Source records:
[Start of Attachment]
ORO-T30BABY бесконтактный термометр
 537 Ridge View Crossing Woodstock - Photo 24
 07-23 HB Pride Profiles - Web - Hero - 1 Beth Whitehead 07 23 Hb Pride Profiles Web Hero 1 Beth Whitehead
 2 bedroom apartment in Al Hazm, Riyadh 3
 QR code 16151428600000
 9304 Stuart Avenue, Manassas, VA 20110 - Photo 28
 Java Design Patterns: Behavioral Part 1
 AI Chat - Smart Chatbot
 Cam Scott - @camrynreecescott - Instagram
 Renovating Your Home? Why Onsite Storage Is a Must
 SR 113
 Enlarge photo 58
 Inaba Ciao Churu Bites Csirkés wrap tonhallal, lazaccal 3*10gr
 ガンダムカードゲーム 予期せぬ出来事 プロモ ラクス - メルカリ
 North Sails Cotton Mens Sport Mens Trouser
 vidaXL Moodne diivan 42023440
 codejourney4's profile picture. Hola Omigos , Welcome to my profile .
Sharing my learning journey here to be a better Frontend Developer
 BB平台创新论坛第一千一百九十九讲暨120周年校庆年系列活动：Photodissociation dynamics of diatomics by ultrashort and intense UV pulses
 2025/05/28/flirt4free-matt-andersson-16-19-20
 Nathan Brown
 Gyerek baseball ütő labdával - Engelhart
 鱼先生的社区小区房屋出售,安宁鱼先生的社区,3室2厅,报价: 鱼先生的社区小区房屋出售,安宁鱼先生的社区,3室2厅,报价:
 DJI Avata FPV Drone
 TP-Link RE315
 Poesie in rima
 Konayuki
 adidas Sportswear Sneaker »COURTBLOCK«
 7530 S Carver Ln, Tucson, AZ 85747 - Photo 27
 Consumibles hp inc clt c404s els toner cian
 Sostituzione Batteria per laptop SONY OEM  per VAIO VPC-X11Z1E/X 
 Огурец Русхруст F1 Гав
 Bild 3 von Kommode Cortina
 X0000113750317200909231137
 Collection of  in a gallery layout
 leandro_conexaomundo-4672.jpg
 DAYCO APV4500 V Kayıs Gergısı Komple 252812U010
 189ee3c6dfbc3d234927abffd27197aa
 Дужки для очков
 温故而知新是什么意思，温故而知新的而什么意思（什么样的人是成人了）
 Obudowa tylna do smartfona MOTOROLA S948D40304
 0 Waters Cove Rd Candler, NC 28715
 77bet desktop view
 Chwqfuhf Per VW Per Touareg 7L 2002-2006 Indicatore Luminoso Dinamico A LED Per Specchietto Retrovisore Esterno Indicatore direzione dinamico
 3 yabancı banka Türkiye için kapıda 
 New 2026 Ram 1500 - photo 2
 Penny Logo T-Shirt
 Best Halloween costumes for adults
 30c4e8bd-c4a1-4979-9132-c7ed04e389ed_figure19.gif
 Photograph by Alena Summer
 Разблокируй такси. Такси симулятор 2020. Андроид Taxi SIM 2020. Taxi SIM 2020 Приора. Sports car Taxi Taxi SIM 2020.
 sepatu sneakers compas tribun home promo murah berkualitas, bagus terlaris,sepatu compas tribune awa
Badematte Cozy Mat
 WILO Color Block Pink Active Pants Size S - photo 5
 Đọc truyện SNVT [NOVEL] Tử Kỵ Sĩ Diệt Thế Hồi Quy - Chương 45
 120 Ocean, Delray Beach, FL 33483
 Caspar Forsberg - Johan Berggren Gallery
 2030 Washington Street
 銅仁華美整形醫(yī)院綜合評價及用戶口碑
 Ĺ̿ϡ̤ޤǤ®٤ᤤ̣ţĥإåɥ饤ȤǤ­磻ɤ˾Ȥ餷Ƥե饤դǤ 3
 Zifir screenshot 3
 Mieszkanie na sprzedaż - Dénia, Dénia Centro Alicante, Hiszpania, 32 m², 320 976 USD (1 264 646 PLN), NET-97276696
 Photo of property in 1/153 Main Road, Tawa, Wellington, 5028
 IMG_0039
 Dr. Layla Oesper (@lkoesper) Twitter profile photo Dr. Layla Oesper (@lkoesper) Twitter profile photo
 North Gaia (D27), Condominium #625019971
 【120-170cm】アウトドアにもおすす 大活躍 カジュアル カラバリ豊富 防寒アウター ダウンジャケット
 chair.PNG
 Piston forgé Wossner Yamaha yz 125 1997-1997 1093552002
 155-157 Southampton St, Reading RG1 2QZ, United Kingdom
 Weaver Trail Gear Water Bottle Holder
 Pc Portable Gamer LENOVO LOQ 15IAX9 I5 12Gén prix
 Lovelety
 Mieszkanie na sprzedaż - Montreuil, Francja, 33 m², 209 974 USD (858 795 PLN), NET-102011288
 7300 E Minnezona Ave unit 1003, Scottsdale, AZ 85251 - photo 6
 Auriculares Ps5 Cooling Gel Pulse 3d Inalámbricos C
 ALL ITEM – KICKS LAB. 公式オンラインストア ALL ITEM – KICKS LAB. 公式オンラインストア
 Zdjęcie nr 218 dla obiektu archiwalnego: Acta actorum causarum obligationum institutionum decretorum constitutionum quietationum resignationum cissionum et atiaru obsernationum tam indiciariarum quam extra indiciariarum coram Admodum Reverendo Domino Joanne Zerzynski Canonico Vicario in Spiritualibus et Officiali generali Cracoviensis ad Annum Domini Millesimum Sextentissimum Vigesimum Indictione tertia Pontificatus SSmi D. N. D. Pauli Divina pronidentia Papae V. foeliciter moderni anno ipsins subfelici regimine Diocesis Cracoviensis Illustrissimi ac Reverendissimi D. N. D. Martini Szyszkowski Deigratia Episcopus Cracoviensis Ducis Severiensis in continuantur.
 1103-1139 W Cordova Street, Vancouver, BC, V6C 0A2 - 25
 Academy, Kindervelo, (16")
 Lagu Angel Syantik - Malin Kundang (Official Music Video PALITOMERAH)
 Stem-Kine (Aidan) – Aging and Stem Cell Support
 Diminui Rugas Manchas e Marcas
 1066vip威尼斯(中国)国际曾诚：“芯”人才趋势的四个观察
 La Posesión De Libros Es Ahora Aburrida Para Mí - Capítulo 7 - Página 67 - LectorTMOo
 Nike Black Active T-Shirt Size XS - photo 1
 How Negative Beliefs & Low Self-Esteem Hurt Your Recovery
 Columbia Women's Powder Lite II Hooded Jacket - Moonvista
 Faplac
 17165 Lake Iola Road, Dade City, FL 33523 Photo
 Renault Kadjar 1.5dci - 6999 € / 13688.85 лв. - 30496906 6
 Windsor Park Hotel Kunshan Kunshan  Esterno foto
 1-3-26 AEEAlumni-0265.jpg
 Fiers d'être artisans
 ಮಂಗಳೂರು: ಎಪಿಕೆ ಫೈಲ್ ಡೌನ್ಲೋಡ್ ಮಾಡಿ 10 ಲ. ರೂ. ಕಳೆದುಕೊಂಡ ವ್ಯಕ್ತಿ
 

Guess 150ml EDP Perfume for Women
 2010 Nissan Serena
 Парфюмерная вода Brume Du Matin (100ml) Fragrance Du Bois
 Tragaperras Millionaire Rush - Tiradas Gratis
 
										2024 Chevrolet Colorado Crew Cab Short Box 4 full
[End of Attachment]
* Exercise goal *
Take every line from the records above that has the word "Mieszkanie" and copy it.

* Solution to this task *
 Mieszkanie na sprzedaż - Dénia, Dénia Centro Alicante, Hiszpania, 32 m², 320 976 USD (1 264 646 PLN), NET-97276696
 Mieszkanie na sprzedaż - Montreuil, Francja, 33 m², 209 974 USD (858 795 PLN), NET-102011288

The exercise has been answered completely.